Mais le film ne se limite pas à cette fresque intime. Il propose aussi une lecture visionnaire de l’Amérique contemporaine. Le MPU, dans le film, apparaît comme le miroir à peine voilé d’ICE, l’agence fédérale chargée de traquer les migrants. Anderson met en scène une société où les sans-papiers s’organisent pour échapper aux rafles : la séquence orchestrée par Benicio Del Toro, maître d’une mécanique clandestine parfaitement huilée, est un sommet de mise en scène. Dans son calme implacable, Del Toro révèle l’envers d’une Amérique fracturée, où la confrontation semble permanente : agences paramilitaires contre migrants, groupuscules révolutionnaires contre institutions. Ce n’est pas encore la guerre civile, mais c’est une logique de symétrie : chaque camp s’organise avec ses codes, ses procédures, ses plans d’urgence.
La nuance apportée par Anderson, toutefois, est décisive : ces forces démesurées sont ici mobilisées pour servir la folie d’un seul homme. Sean Penn détourne l’appareil militaire et policier pour assouvir sa quête délirante, quitte à plonger une ville entière dans le chaos. Là où la réalité dépasse la fiction, c’est qu’aux États-Unis, ICE déploie effectivement une puissance quasi-militaire pour investir écoles et commerces, mais au nom d’une politique assumée par l’État fédéral (mais peut être avant tout pour le compte d’un seul homme, Trump).
PTA ne cherche pas à réconcilier les camps : il montre une Amérique en apnée, où chacun se bat, chacun s’organise, chacun brandit ses codes comme une arme.

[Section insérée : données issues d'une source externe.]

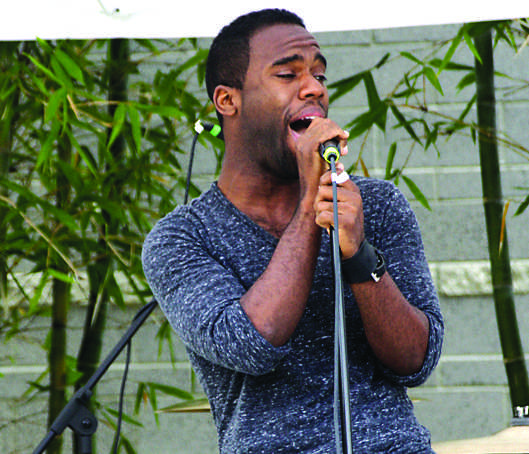 Vincent Coleman, 24, lead singer of Vas Defrans belts out a song during the noontime concert Thursday, April 21, 2011 at Plaza del Sol. Photo Credit: Katie Donahue / Contributing Photographer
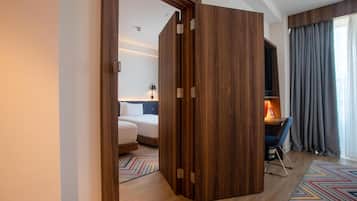 Family Room, 1 King Bed, Connecting Rooms | Premium bedding, in-room safe, blackout drapes, iron/ironing board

Malgré la gravité de ses enjeux et la tension qui parcourt le film, One Battle After Another n’est jamais plombant. On rit souvent, grâce à un DiCaprio en ébullition, à la fois attachant et hilarant, et à un Benicio Del Toro qui dispose des meilleures punchlines. Et si l’Amérique que PTA décrit paraît sombre et fracturée, le récit se conclut sur une touche d’espoir et de réconciliation. Une réconciliation au niveau de l’intime certes, mais une réconciliation tout de même.
Ici vous pouvez spoiler !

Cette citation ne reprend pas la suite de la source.